MATERIALS PROVIDED.
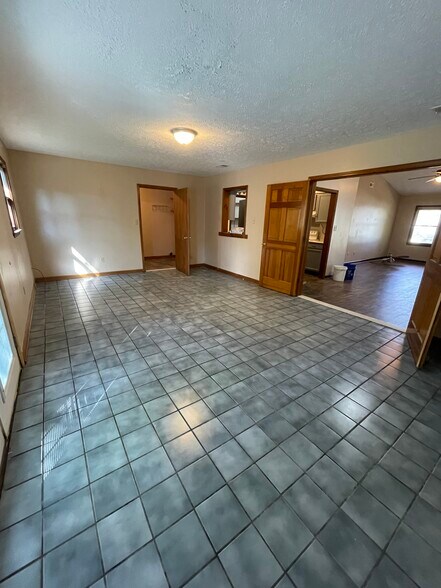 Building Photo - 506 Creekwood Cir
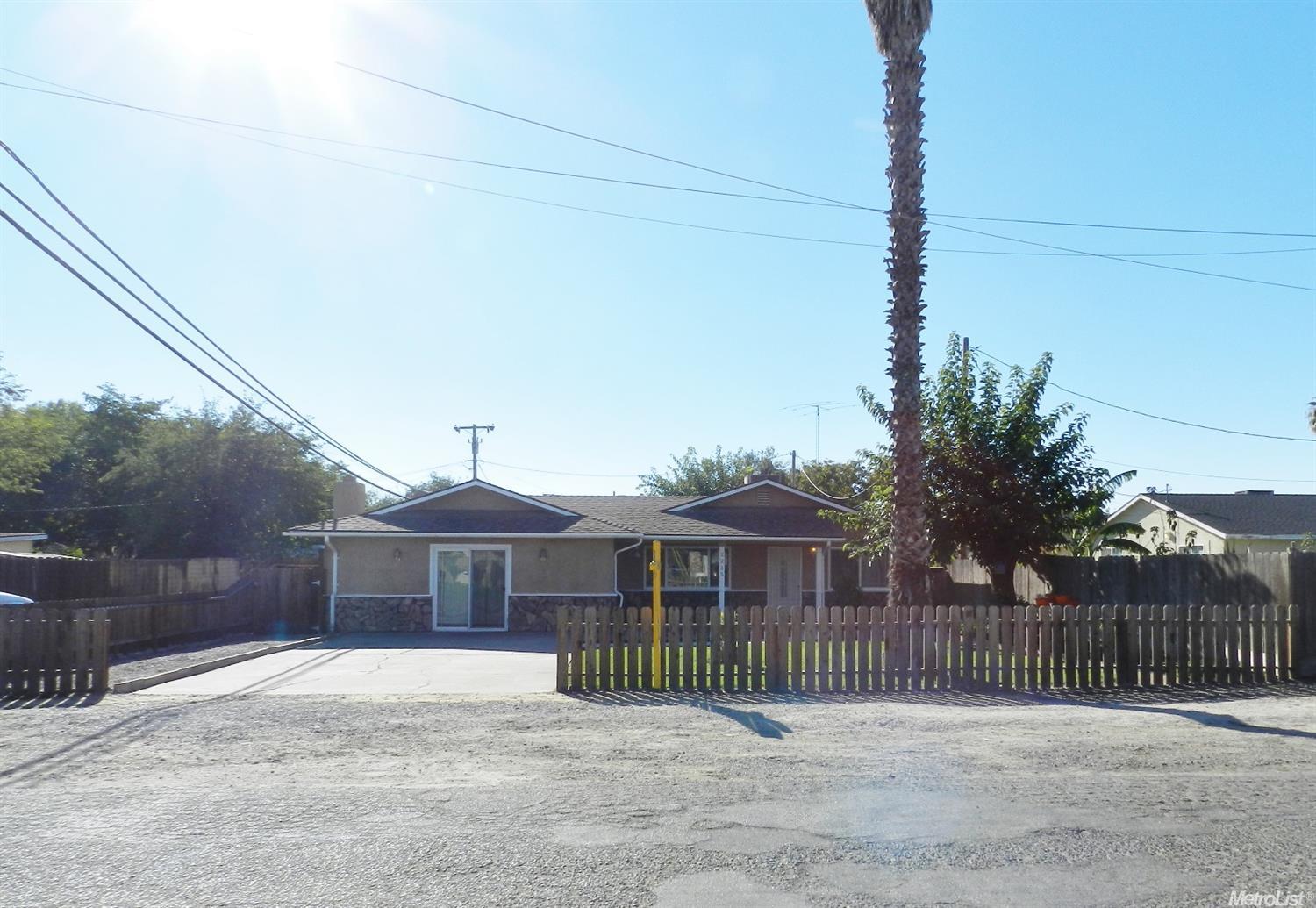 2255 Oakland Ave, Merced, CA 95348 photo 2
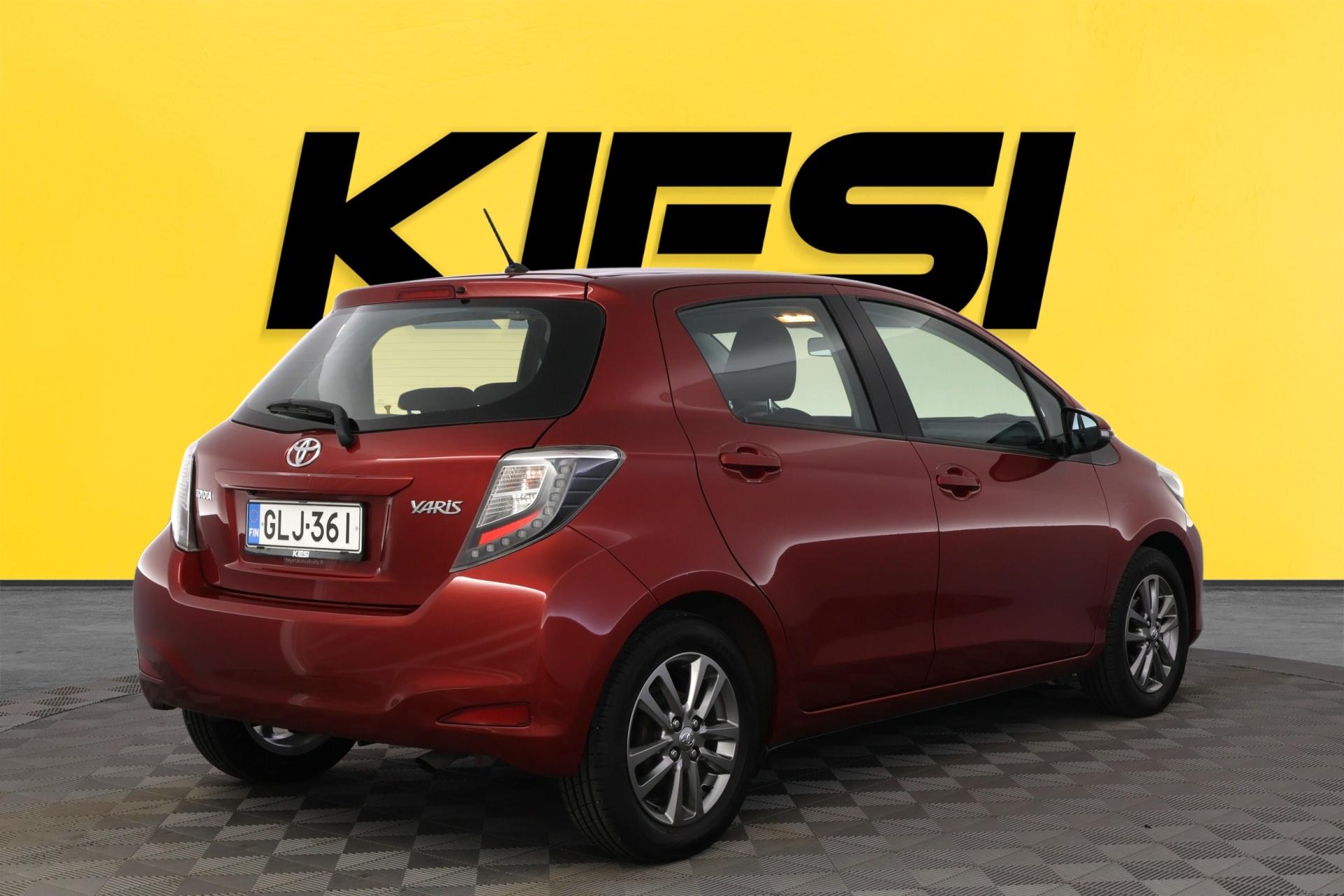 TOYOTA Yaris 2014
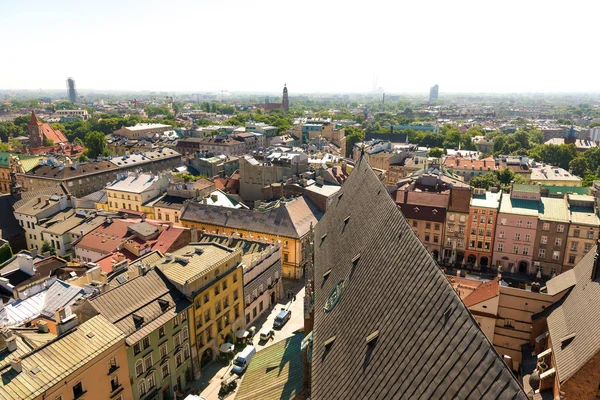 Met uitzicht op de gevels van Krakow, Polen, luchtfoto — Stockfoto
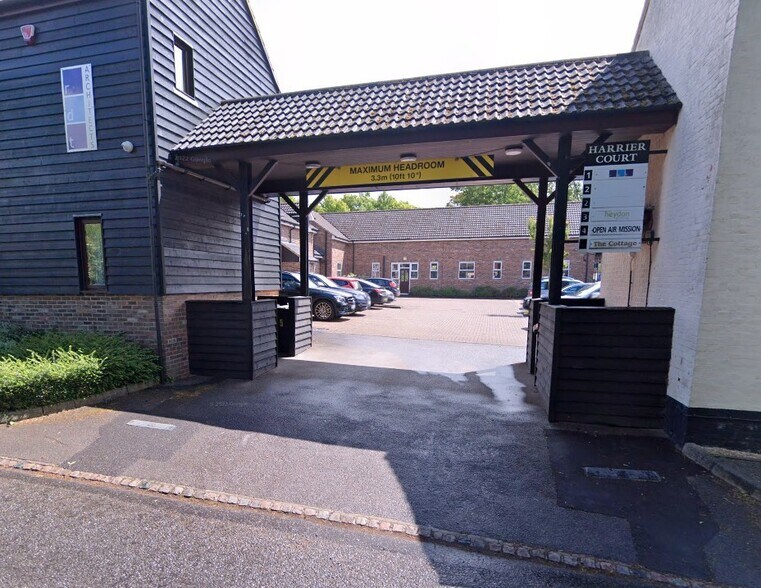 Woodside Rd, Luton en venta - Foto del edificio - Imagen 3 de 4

* * *

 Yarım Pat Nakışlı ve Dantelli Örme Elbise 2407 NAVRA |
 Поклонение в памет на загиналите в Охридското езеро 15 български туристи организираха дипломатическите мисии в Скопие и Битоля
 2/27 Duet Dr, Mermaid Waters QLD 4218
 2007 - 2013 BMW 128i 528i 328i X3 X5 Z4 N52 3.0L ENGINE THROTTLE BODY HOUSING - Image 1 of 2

==

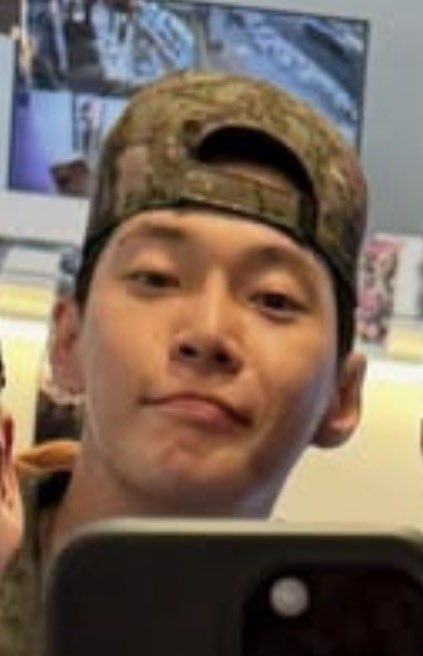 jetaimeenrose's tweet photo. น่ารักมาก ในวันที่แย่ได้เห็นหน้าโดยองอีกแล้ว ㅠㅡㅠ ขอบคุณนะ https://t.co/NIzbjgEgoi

EXERCISE GOAL. Starting from the line with "Building Photo - 506 Creekwood Cir" in the records above, repeat each line exactly until you have written the line with "Woodside Rd, Luton", then stop; drop the pictures.

ANSWER SECTION.
 Building Photo - 506 Creekwood Cir
 2255 Oakland Ave, Merced, CA 95348 photo 2
 TOYOTA Yaris 2014
 Met uitzicht op de gevels van Krakow, Polen, luchtfoto — Stockfoto
 Woodside Rd, Luton en venta - Foto del edificio - Imagen 3 de 4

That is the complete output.